Longleaf Partners fell 11 percent in the first quarter, during which it was opened to new investors for the first time in 3 1/2 years. The Standard & Poor’s 500 index declined 9.5 percent in the same period.
Southeastern Asset’s International Fund, which also holds UBS, fell 11.5 percent, compared with the 8.9 percent drop by the MSCI EAFE Index.
“The funds made meaningful headway in spite of one unforced error,” wrote Hawkins and Cates. Zurich-based UBS fell 43 percent during the first quarter.
Longleaf Partners held 11 million UBS shares worth more than $506 million as of Dec. 31. Though the fund added 2 million shares by March 31, the decline of UBS brought its stake to a value of $396.2 million, the report said.

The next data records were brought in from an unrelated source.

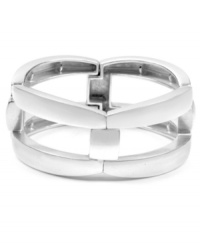 Effortless style. Slip Kenneth Cole New York's chic stretch bracelet over your wrist for a look that's geometrically savvy. Crafted in silver tone mixed metal. Bracelet stretches to fit wrist. Approximate diameter: 2-1/2 inches.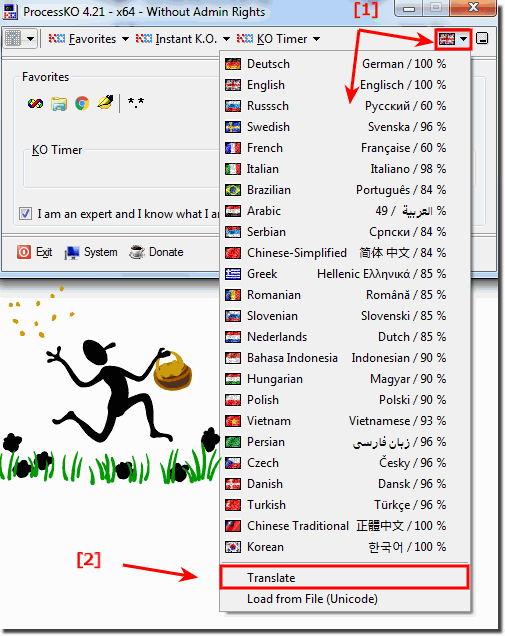 Translate or Switch the Language in ProcessKO for Windows!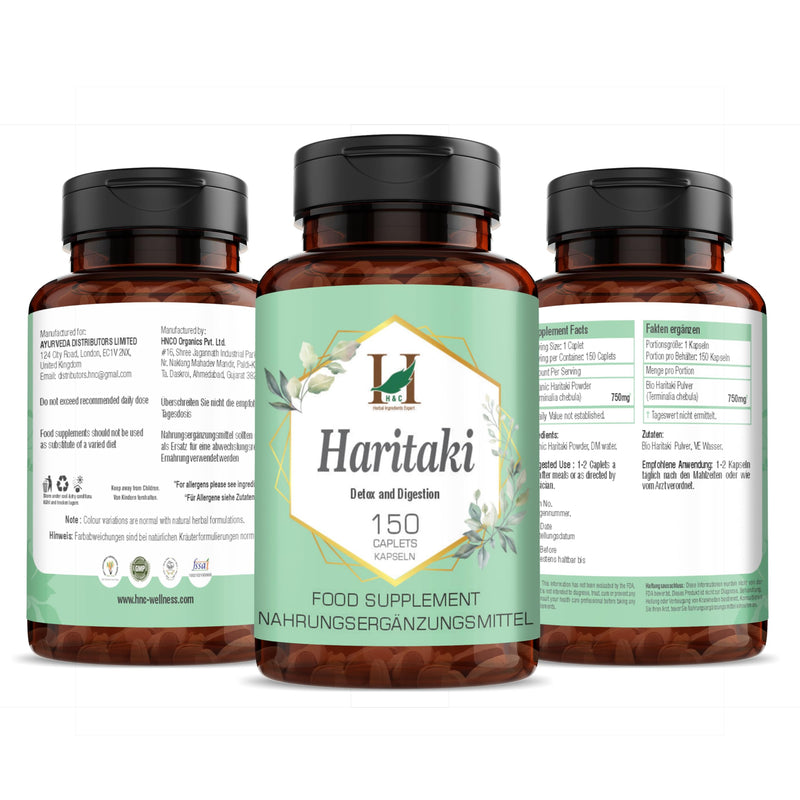 H&C Haritaki Caplets/Tablets (Terminalia Chebula) - 750mg, 150 Counts | Detoxification & Rejuvenation for Vata 750mg Caplets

UBS has announced $38 billion in credit writedowns, the biggest of any European bank, and a first-quarter loss of 11.5 billion francs ($10.9 billion). Rohner exited the municipal-bond business and plans to sell subprime assets. The company will cut 2,600 jobs in its securities business and focus on the unit that manages money for wealthy clients.
“If the management acts as promised, UBS should be a tremendous investment from this point,” the Southeastern managers wrote.
UBS accounted for 3.9 percent of the fund’s assets as of March 31. The stock declined about 35 percent this year through May 13.
Longleaf Partners has fallen 2.2 percent in 2008, beating more than three-fourths of rival funds that invest in large company stocks, according to data compiled by Chicago-based Morningstar. During the past 12 months, the fund has lost 9.2 percent, trailing 87 percent of peers.
“The fund is not guaranteed for a smooth performance, but over the long term it has proven its value,” Gregg Wolper, an analyst with Morningstar said in an interview. “The managers have the courage to stick with stocks that they believe in.”
Morningstar dropped its rating on the fund on May 2 to three stars from its second-highest rating of four stars.